Problem to work on:
Below are records with pictures in them; print them exactly, omitting the pictures.

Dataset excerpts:
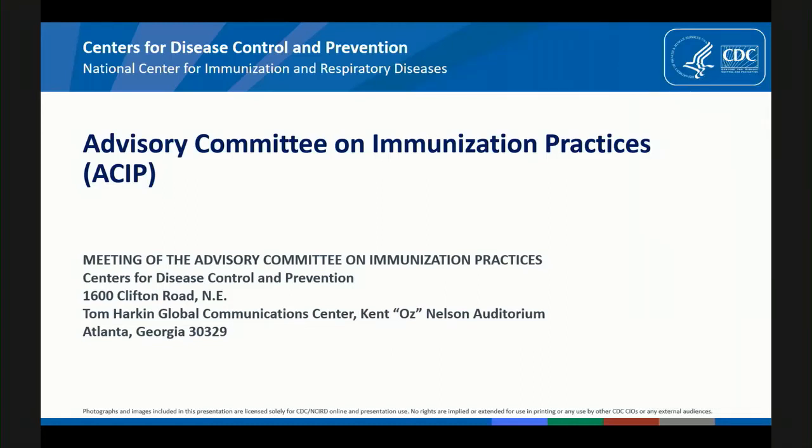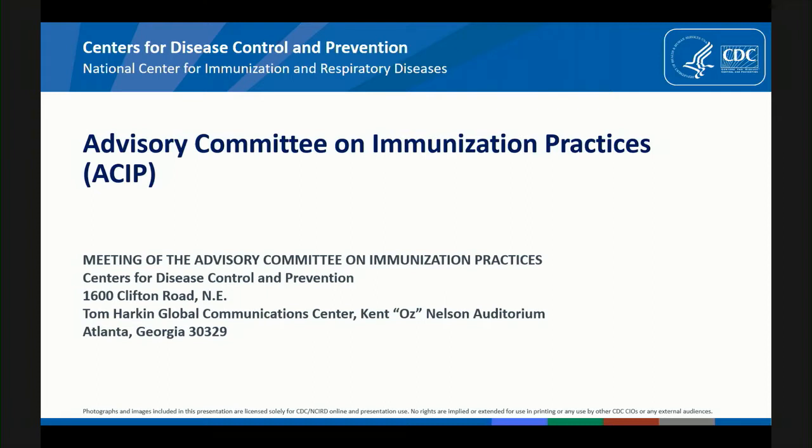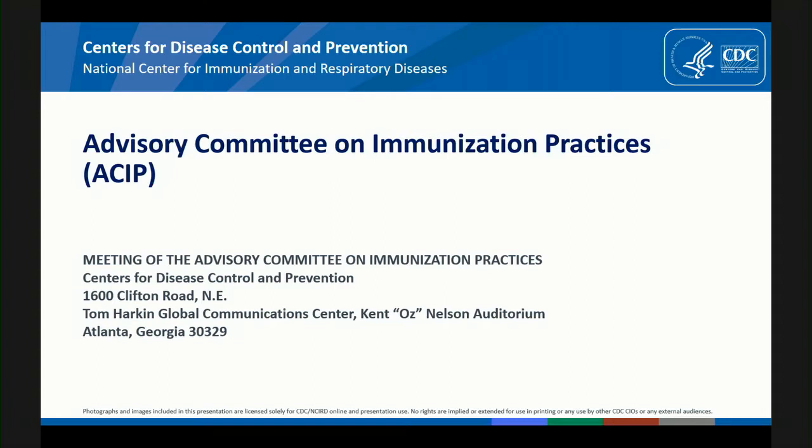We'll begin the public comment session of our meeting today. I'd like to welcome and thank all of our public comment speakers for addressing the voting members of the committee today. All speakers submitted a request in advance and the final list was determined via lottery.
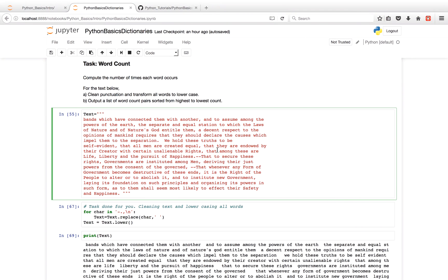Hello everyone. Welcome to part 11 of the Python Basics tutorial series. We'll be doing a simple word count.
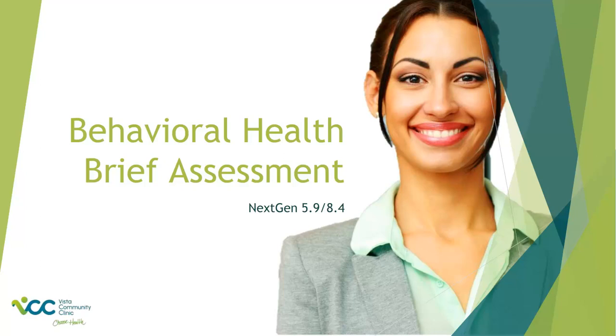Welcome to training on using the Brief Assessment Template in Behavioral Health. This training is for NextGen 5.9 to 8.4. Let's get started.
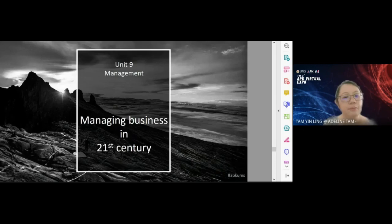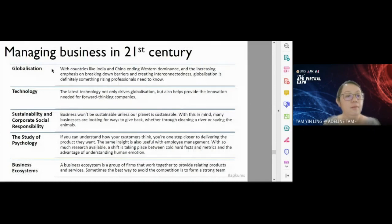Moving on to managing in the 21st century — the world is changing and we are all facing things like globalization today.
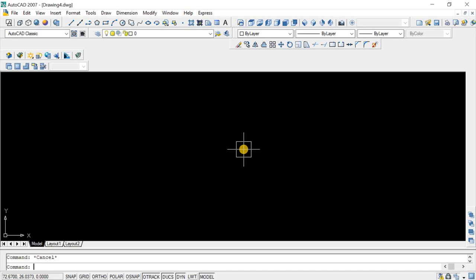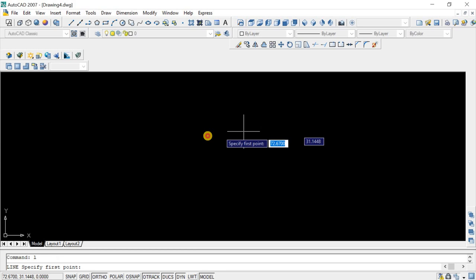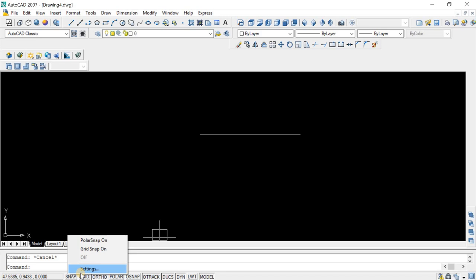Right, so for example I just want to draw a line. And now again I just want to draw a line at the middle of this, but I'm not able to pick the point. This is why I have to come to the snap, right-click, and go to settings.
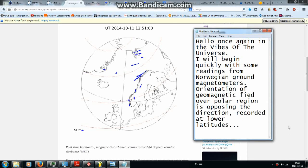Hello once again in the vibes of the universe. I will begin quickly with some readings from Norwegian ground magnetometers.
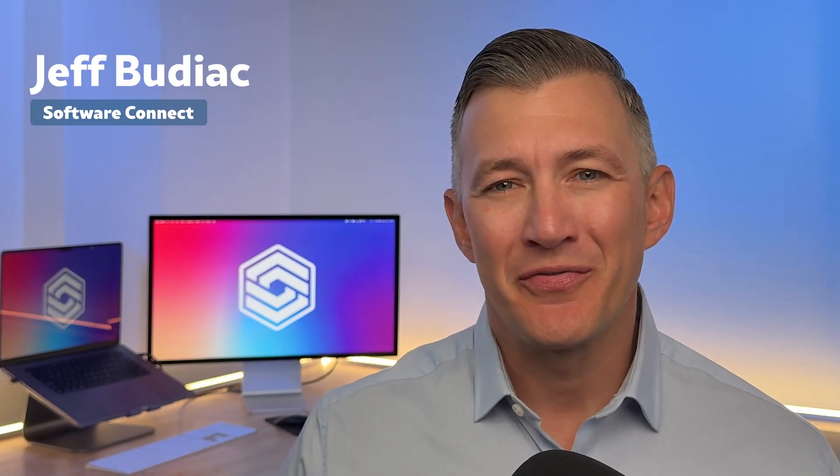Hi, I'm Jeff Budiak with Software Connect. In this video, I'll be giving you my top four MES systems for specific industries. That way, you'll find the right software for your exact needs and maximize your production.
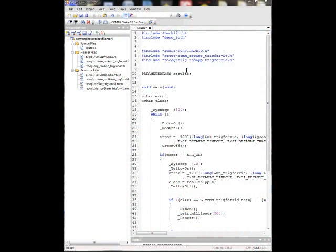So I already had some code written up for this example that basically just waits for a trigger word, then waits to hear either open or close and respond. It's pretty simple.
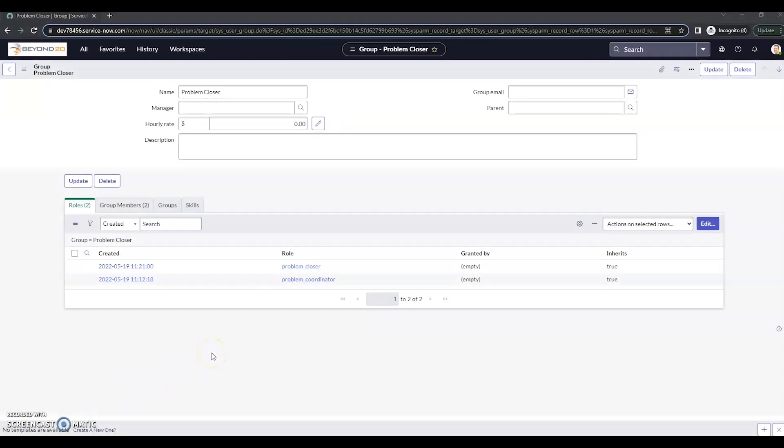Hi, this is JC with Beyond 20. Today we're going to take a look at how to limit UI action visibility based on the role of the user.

Solved exercise:
We'll begin the public comment session of our meeting today. I'd like to welcome and thank all of our public comment speakers for addressing the voting members of the committee today. All speakers submitted a request in advance and the final list was determined via lottery.
Hello everyone. Welcome to part 11 of the Python Basics tutorial series. We'll be doing a simple word count.
Welcome to training on using the Brief Assessment Template in Behavioral Health. This training is for NextGen 5.9 to 8.4. Let's get started.
Moving on to managing in the 21st century — the world is changing and we are all facing things like globalization today.
Right, so for example I just want to draw a line. And now again I just want to draw a line at the middle of this, but I'm not able to pick the point. This is why I have to come to the snap, right-click, and go to settings.
Hello once again in the vibes of the universe. I will begin quickly with some readings from Norwegian ground magnetometers.
Hi, I'm Jeff Budiak with Software Connect. In this video, I'll be giving you my top four MES systems for specific industries. That way, you'll find the right software for your exact needs and maximize your production.
So I already had some code written up for this example that basically just waits for a trigger word, then waits to hear either open or close and respond. It's pretty simple.
Hi, this is JC with Beyond 20. Today we're going to take a look at how to limit UI action visibility based on the role of the user.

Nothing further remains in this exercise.